Questionado pelo ABCD Jornal durante uma agenda pública se a debandada dos adversários de centro-direita e direita pavimenta o caminho para uma vitória líquida e certa logo no primeiro turno, Tarcísio foi categórico ao afastar o salto alto. “Não, a gente não pode achar isso, a gente tem que trabalhar”, afirmou o governador.
De acordo com o último levantamento da Paraná Pesquisas, Tarcísio liderava a disputa com 45,6% das intenções de voto, seguido por Fernando Haddad (PT), com 34,1%. Com a saída de Serra (4,6%) e Kataguiri (3,0%), a migração natural desse eleitorado pode, matematicamente, fazer o atual chefe do Executivo paulista ultrapassar a barreira dos 50% dos votos válidos em outubro.

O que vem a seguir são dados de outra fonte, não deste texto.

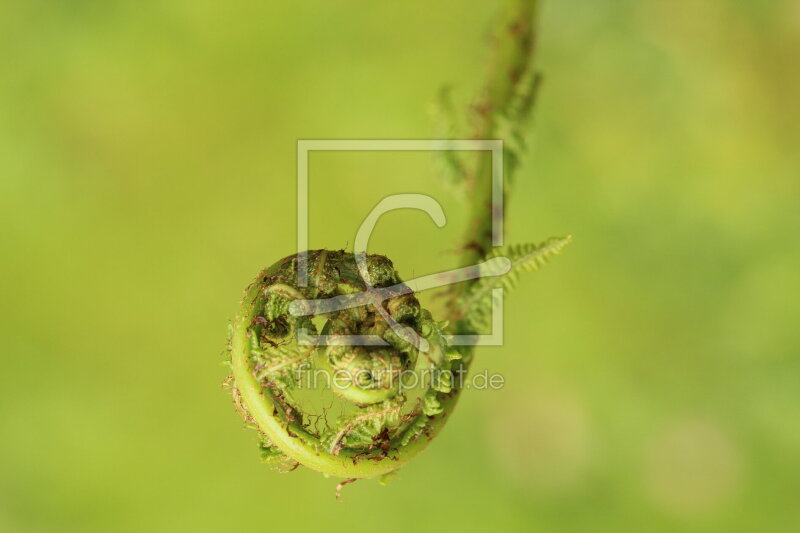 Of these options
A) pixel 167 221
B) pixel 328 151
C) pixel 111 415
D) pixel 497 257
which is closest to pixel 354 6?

Foco na gestão e acenos ao PSDB
Para se blindar do desgaste político e da polarização precoce, Tarcísio declarou que sua estratégia principal continuará sendo a entrega de resultados administrativos, evitando responder aos ataques da oposição.
“Eu tenho me dedicado integralmente à gestão do Estado. A gente tem fugido das provocações, tem fugido das agendas… A gente tá sendo muito agredido, muito atacado, e a gente não tá respondendo, a gente tá focado no trabalho. O que as pessoas querem? Elas querem entregas, querem ver o resultado”, pontuou Freitas, que aproveitou o momento para listar uma série de inaugurações recentes e futuras nas áreas de educação, transporte e saúde.
Apesar do discurso focado na gestão, o governador não escondeu o pragmatismo político nos bastidores e confirmou que já existem articulações avançadas para atrair o partido de Paulo Serra para a sua base de apoio. “O PSDB tem uma história e aí a gente já tem, sim, uma conversa com o PSDB. Me interessa muito ter o PSDB no nosso palanque, junto com o Cidadania, até a federação. Acho que agrega muito, agrega valor, e a gente vai buscar esse apoio, obviamente”, revelou Tarcísio.
Reconfiguração partidária
Sobre a desistência de Kim Kataguiri, Tarcísio demonstrou naturalidade em relação aos movimentos das siglas de direita. “O Missão tem um candidato hoje à Presidência da República e obviamente eles precisam dar suporte para esse candidato”, justificou, fazendo referência à estratégia nacional do partido Missão, que priorizará a pré-candidatura de Renan Santos ao Planalto.
Com as duas baixas consolidadas, a corrida pelo governo de São Paulo caminha para uma polarização antecipada e direta entre o bloco governista de Tarcísio de Freitas e o campo de oposição liderado pelo Partido dos Trabalhadores cujo candidato escolhido é Fernando Haddad.